About halfway through his sentence, the Republican side of the chamber erupted. “Mr. Speaker, point of order!” someone shouted. Jones glanced over, but continued speaking.

“The truth is, there is no good faith argument for disenfranchising over 700,000 people, Mr. Speaker, most of whom are people of color,” he said. 

The yells on the Republican side grew louder, as representatives demanded that Jones’ words be struck from the record. 

“Do your job!” Republicans yelled at the presiding speaker. “Read the rules!” 

Jones gave his consent for his words to be withdrawn, then finished his speech. 

“These desperate objections are about fear — fear that in D.C., their white supremacist politics will no longer play,” Jones said. “Fear that soon enough, their white supremacist politics won’t work anywhere in America. Fear that if they don’t rig our democracy, they will not win.” 

With that, Jones left the microphone, leaving Republicans stewing in his wake. 

The House voted on H.R. 51 Thursday, passing the bill along party lines that would make Washington D.C. the 51st state, with one representative and two senators. 

Republicans are adamantly against the measure, offering up a series of arguments — people in D.C. don’t have “real” jobs, D.C. isn’t capable of self-governance — that many have panned as racist in a city in which Black residents comprise 47 percent of the population. The largely unspoken crux of their resistance is that if bright blue D.C. does become a state, its senators and representatives would reliably be Democrats.  

Some Republican arguments have become targets for mockery: earlier this week, Rep. Nancy Mace (R-SC) claimed that “D.C. wouldn’t even qualify as a singular congressional district.” Standing over her shoulder was Rep.
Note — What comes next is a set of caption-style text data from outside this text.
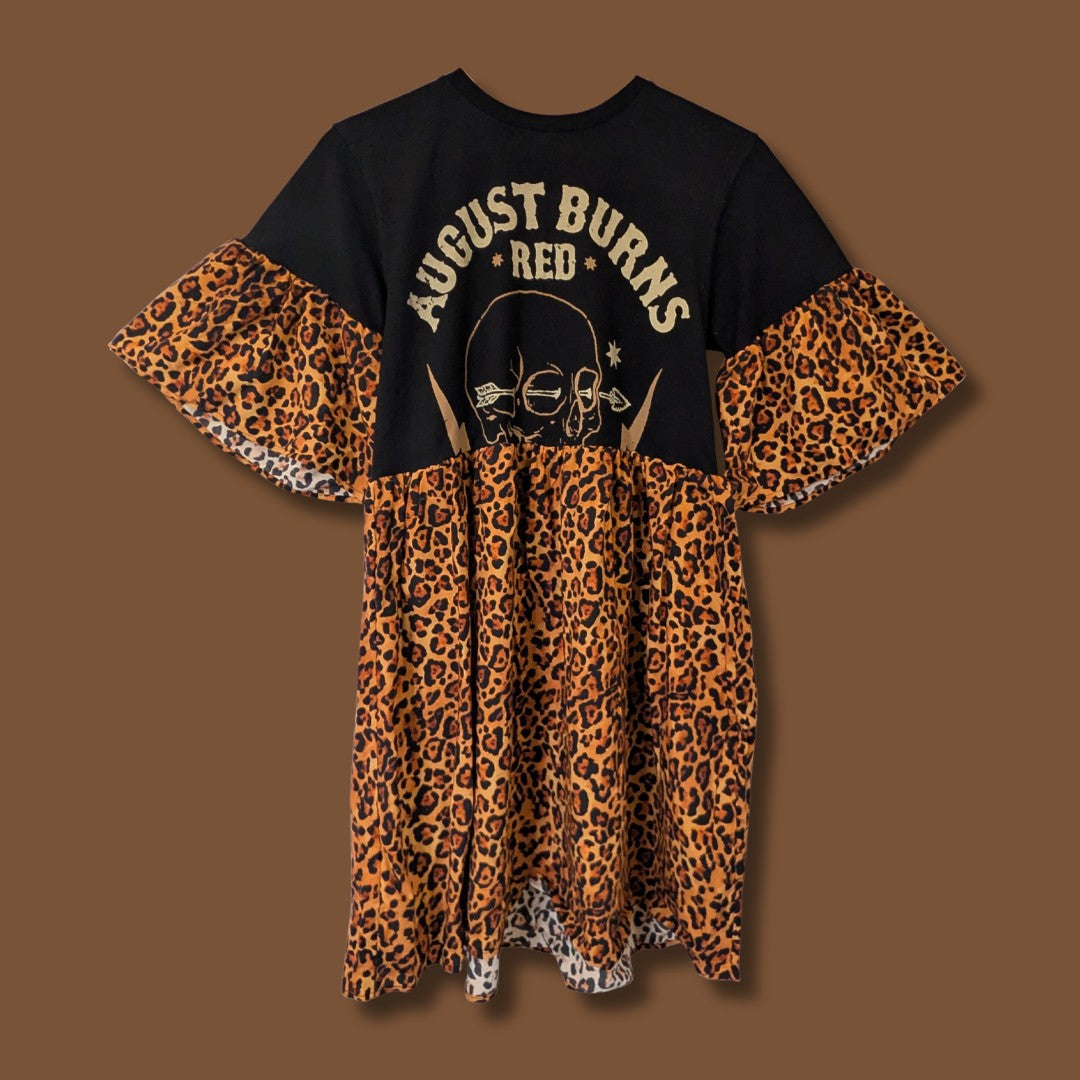 August Burns Red - Leopard Print Smock Dress (S)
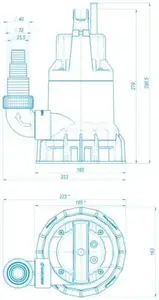 Джилекс Фекальник 140/6 насос фекальный (400 Вт)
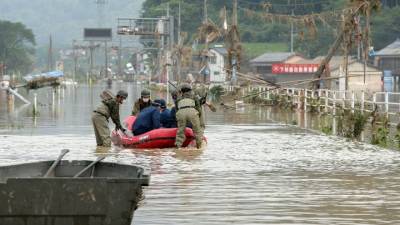 Ιαπωνία: Νεκροί και αγνοούμενοι από τις καταρρακτώδεις βροχές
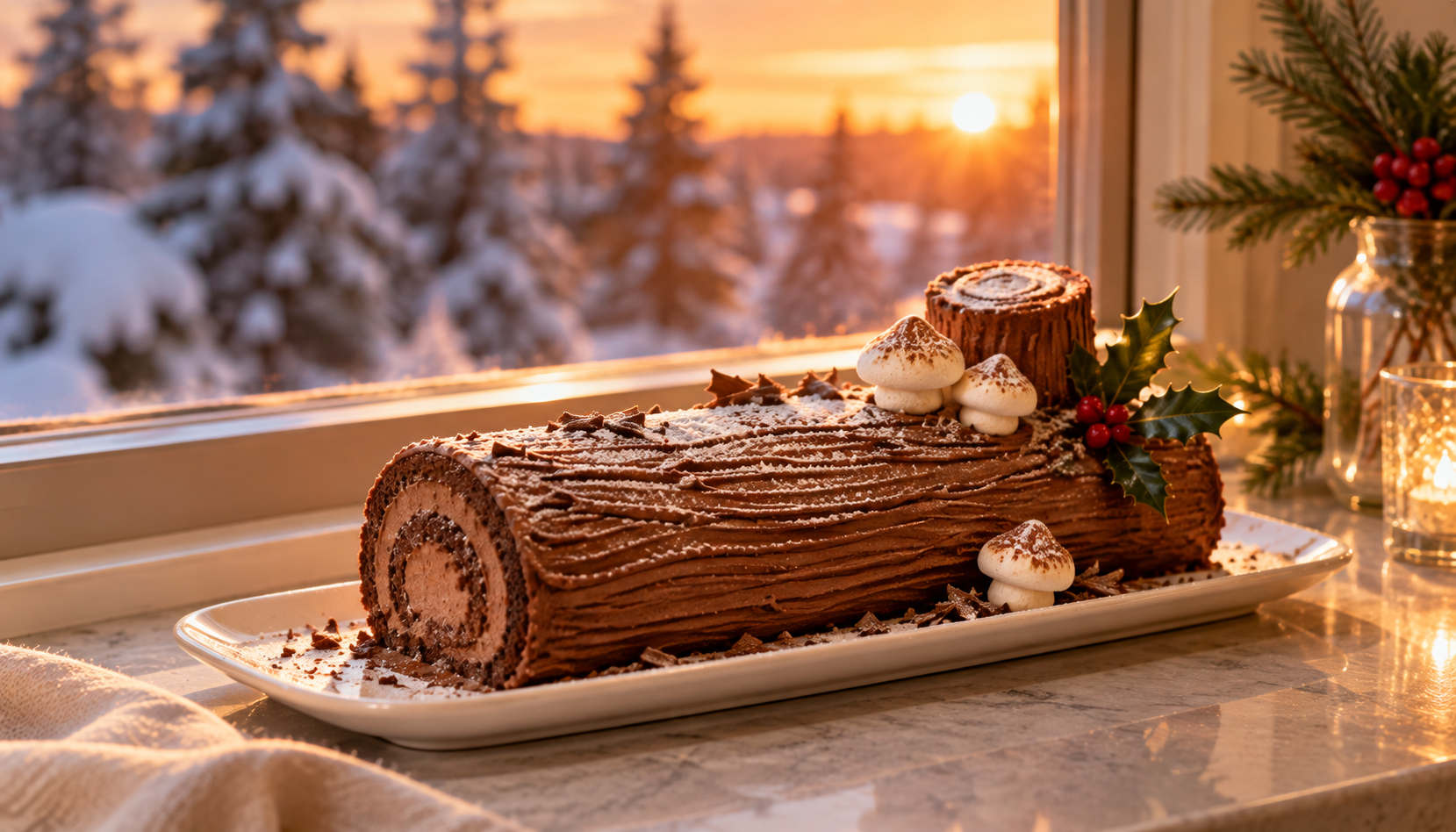 ブッシュドノエルの意味｜なぜ薪の形？クリスマスケーキとの違い・何人分・予約はいつから【2026年版】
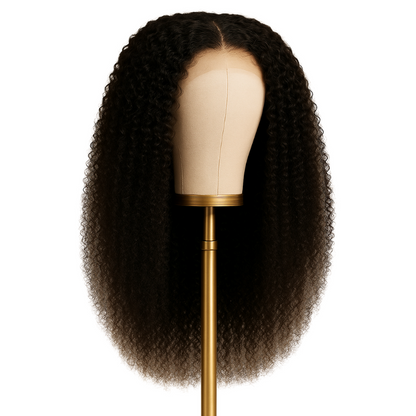 Perruque Raw Hair Closure Wig 6x6 Burmese Kinky Curl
Liz Cheney (R-WY) whose entire state is less populous than Washington D.C. 

Republicans also like arguing that granting D.C. statehood would be unconstitutional, because the Constitution gives Congress the power “to exercise exclusive Legislation in all Cases whatsoever” over “the Seat of the Government of the United States.” 

The House bill addresses this though, and would silo “the principal federal monuments, the White House, the Capitol Building, the U.S. Supreme Court Building, and the federal executive, legislative, and judicial office buildings located adjacent to the Mall and the Capitol Building” into a federal district separate from the rest of the city, which would become a state.

Still, while GOP objection to D.C. statehood is more rooted in political calculus than anything else, the House bill’s passage through the Senate faces long odds with the legislative filibuster still in place. And even aside from the near certainty that it would attract no Senate GOP support, multiple moderate Democrats have so far declined to come down one way or another. 

The Biden administration officially came out in favor of D.C. statehood this week in a policy statement

“For far too long, the more than 700,000 people of Washington, D.C. have been deprived of full representation in the U.S. Congress,” the statement said. “This taxation without representation and denial of self governance is an affront to the democratic values on which our nation was founded.”